# Today's effort



## Fuscus (Mar 18, 2011)

came across this guy. Beautiful animal except for the lousy temperament and sharp teeth

last two pis showing threat display, inhale - exhale
Sorry about the image quality


----------



## kat2005dodi (Mar 18, 2011)

cute!


----------



## Smithers (Mar 18, 2011)

very noice  I'd be happy with bad quality pics like those


----------



## Fuscus (Mar 18, 2011)

He would be popular with the ladies


----------



## kat2005dodi (Mar 18, 2011)

They are really great photo's, definately mr attitude! If he could I think he would give you the finger


----------



## Fuscus (Mar 18, 2011)

Lastly showing the threat spots ( but they didn't work on me ). The animal inflates itself to stretch out its skin to expose the fluorescent blue spots. Best viewed by cycling quickly through the photos.


----------



## XKiller (Mar 18, 2011)

Nice photos, and snake I'm yet to find a common phase green tree snake that'll get aggressive and flare up for me there useully quite complaceant.


----------



## driftoz (Mar 19, 2011)

Fuscus said:


> Lastly showing the threat spots ( but they didn't work on me ). The animal inflates itself to stretch out its skin to expose the fluorescent blue spots. Best viewed by cycling quickly through the photos.


 looks cool as if hes got little led lights under the scales lol


----------



## thals (Mar 19, 2011)

Great pics Fuscy, gotta love that flecking


----------



## Defective (Mar 19, 2011)

wow now that is a beautie! it looks like it has little blue LED tubes on it. I'd frame the 3rd pic


----------



## NicG (Mar 19, 2011)

They make great photo subjects when they're in threat display mode, don't they?

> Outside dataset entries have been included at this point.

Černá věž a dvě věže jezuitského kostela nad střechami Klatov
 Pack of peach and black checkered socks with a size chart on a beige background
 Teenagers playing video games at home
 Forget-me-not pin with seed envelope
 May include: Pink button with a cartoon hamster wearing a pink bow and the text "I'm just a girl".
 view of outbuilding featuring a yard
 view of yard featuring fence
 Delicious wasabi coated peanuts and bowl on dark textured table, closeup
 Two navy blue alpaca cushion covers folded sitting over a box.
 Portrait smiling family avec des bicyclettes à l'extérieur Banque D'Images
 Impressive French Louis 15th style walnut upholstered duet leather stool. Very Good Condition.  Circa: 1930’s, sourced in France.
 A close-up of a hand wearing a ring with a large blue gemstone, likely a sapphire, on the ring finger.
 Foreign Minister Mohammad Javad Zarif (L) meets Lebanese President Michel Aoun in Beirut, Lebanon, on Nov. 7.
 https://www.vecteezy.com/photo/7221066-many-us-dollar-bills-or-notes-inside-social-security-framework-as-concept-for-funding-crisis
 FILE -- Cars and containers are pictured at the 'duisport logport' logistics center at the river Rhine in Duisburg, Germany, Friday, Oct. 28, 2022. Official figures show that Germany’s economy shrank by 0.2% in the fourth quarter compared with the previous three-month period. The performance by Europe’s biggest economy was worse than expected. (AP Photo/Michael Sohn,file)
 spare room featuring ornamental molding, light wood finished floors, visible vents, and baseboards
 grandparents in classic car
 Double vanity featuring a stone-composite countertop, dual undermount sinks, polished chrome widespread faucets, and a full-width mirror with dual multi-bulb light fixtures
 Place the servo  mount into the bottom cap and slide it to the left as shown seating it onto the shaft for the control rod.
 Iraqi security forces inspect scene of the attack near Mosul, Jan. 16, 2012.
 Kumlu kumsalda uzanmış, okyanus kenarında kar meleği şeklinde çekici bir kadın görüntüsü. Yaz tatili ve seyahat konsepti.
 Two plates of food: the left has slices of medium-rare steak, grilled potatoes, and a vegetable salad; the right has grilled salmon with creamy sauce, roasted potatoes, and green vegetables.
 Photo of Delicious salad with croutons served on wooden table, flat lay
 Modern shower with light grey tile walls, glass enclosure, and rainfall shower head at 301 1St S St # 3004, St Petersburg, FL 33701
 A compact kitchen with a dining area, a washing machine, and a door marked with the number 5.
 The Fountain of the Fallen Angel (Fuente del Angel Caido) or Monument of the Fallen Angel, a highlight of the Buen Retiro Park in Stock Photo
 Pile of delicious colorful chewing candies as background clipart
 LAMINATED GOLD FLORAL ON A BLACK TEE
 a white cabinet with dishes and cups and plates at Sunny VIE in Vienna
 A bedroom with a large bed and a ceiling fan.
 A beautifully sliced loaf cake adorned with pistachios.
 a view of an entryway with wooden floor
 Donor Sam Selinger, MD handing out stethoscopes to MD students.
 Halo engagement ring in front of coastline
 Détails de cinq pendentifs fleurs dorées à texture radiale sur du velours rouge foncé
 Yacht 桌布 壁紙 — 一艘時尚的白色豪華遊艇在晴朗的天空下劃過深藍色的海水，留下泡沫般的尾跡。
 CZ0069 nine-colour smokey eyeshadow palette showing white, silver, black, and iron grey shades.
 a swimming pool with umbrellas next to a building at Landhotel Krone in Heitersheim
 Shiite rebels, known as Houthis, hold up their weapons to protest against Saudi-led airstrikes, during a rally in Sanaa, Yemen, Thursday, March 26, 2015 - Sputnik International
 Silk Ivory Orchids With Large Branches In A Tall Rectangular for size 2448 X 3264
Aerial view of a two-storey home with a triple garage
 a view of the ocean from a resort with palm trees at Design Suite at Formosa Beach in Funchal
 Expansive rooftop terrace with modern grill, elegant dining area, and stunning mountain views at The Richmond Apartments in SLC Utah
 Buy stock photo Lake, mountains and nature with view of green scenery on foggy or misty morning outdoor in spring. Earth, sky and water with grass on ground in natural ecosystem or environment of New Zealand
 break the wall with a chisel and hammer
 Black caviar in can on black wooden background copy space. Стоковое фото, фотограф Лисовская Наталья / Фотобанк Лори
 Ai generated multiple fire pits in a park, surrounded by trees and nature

They just sit and wait for you to take the photo(s) ... with maybe an occasional strike, which is more often than not just a headbutt.

What size was it? (Length, diameter)


----------



## Fuscus (Mar 19, 2011)

NicG said:


> with maybe an occasional strike, which is more often than not just a headbutt.


He struck - more than just a headbutt 


NicG said:


> What size was it? (Length, diameter)


 approx a meter - adult finger width


----------



## Gusbus (Mar 19, 2011)

nice shots bud


----------